**What to do**
Please write out exactly the line containing "Chaussures de Sport" below and every line after it, through the last one, but leave out any pictures.

**Dataset**
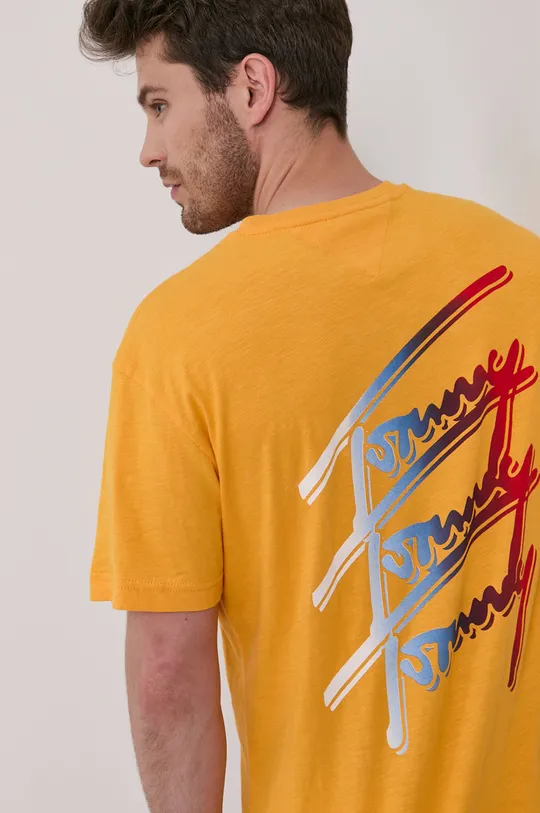 pomarańczowy Tommy Jeans - T-shirt DM0DM10228.4891 Męski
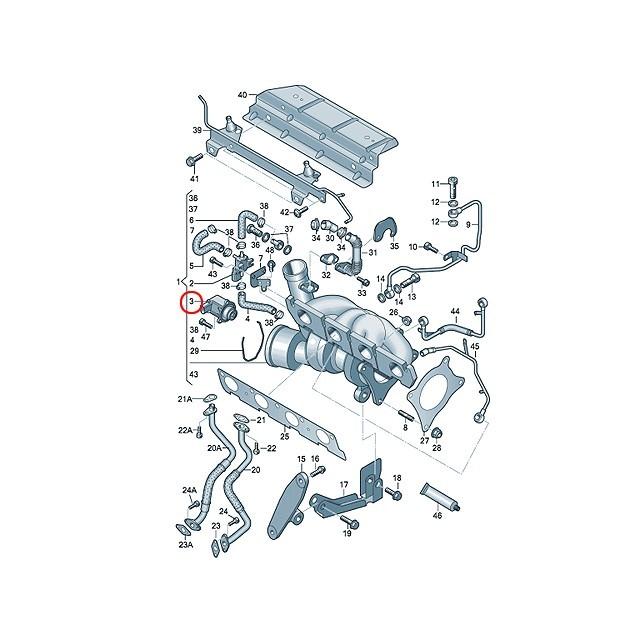 Audi（アウディ） ディバーターバルブ TT/TTS/TTRS 8JBWA 8JCCZF 8JCDA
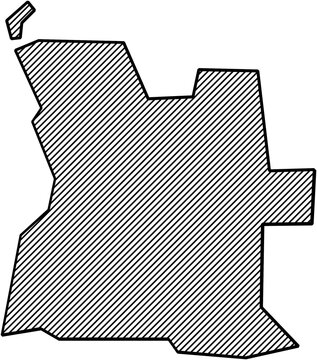 recommend clip art: hatch line drawing of angola map.
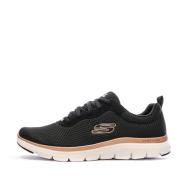 Chaussures de Sport Noir/Rose Femme Skechers Flex Appeal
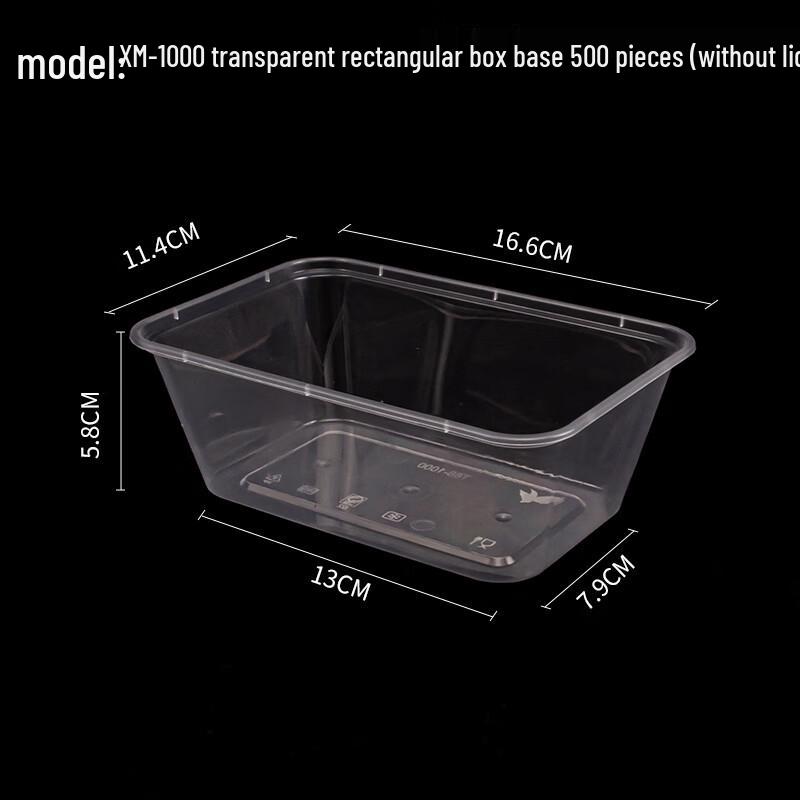 Rectangular Lidless Disposable Plastic Food Bowls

**Solution below**
 Chaussures de Sport Noir/Rose Femme Skechers Flex Appeal
 Rectangular Lidless Disposable Plastic Food Bowls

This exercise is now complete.